Alex LoRe & Weirdear: Evening Will Find Itself
Whirlwind Recordings

As evidenced by her 2022 SAAM (Spanish American Art Museum) album, pianist Marta Sanchez made a canny choice in recruiting alto saxophonist Alex LoRe for her quintet. Listeners hungry for his own music could do worse than turn to Evening Will Find Itself, though others are available in his discography too. This new one with Weirdear—pianist Glenn Zaleski, bassist Desmond White, and drummer Allan Mednard—provides an especially satisfying account of LoRe's talents as a player, writer, and bandleader, however. He's someone who's clearly absorbed the tradition in forging his own identity and pushing into uncharted territory (the rambunctious “Green,” it's worth noting, is titled after saxophonist Bunky Green, LoRe's undergraduate teacher at University of North Florida and an acknowledged mentor). Featuring ten LoRe originals recorded in late 2021 at Brooklyn's Bunker Studios, Evening Will Find Itself presents the quartet blending composition and improvisation deftly, so much so it's sometimes difficult to hear where one begins and the other ends. It's one of those albums that brings greater rewards with repeated visits.

Each piece reflects thoughtful origins by its author. “Fauxlosophy,” for example, is the term LoRe and pianist Matt Mitchell coined to describe people who, often prodded by the influence of stronger personalities, gravitate to viewpoints contrary to their true beliefs; as timely are the notions behind “Stripes,” which has to do with the modern-day tendency for opinions to morph into absolutes with all the lack of empathy that move entails, and “Face Unseen,” whose title alludes to the feelings of isolation that inform contemporary lives despite the connectivity technology brings. For these and other cases, LoRe devised instrumental structures that would capture the compositional concepts but also function as creative springboards for personal expression and group interplay.

Characteristic of the album in writing style and tone, “Stripes” initiates the set with a sax-and-piano ostinato before lunging into a pulsation of entwining melodies and enticing solo statements. White and Mednard elevate the performance with incessant invention and energy, their dazzle a powerful prod for LoRe and Zaleski to build upon. “Face Unseen” advances from a ponderous intro marked by the leader's probing rumination, his tone in this quieter setting light as a feather. Given the meaning behind its title, it's hard not to hear the piece as an elegiac longing for the way life as it used to be. Animated by Mednard's crisp groove and as intricate as a Rubik's Cube, “Fauxlosophy” sees LoRe spreading angular melodies and fluttering sax phrases across a mutating rhythmic frame. Starting out as a loose-flowing, rubato-styled exploration, “Silent Ship” grows wilder when the quartet members follow LoRe's boisterous lead and then decompress for Zaleski's reflective turn.
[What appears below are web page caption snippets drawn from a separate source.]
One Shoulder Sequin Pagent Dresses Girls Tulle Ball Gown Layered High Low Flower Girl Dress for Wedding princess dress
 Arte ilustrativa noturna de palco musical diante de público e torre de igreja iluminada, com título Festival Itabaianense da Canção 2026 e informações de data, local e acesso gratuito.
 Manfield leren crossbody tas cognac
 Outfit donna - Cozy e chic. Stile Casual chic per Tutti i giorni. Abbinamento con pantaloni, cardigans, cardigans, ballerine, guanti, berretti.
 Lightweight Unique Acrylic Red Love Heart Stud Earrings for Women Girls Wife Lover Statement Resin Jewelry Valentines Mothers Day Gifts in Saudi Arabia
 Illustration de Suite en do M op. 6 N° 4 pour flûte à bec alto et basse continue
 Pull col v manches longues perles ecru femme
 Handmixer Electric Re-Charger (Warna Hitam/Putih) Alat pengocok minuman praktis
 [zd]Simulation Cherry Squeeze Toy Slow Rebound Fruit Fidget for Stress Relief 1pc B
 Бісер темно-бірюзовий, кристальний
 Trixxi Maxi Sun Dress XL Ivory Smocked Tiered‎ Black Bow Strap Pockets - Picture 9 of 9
There's a strong cerebral bent to the leader's music, but there's feeling too. The melancholy emanating from the almost chamber-styled “Underground and Back” can be traced back to what inspired it, LoRe's father's life-threatening health struggles involving COVID-19, pneumonia, and heart failure. Interspersed throughout are three “Radiance” tracks, the first showcasing inspired to-and-fro between the saxophonist and pianist, the second bringing Mednard into the spotlight, and the third capping the series with a maze-styled treatment that, similar to “Stripes,” encapsulates the album in a single gesture. It's tempting to single out Mednard for the well-spring of imagination he brings to the recording, even if doing so risks misleadingly implying the others aren't doing the same on their own instruments.

Thematic and conceptual issues aside, Evening Will Find Itself ultimately stands or falls on musical terms, and on that count it assuredly stands. This is small group interplay operating at a high level, and the skill with which these players navigate the complexities of LoRe's compositions without sacrificing any sense of flow is impressive. There are moments here (see “Radiance II”) where the intricacy of the writing invites comparison to Steve Coleman's, but LoRe ends up standing well enough apart from him or anyone else. Long ago Green instructed him to “find the beauty in everything you do” and it's easy to hear Evening Will Find Itself as his one-time student's sincere attempt to do exactly that.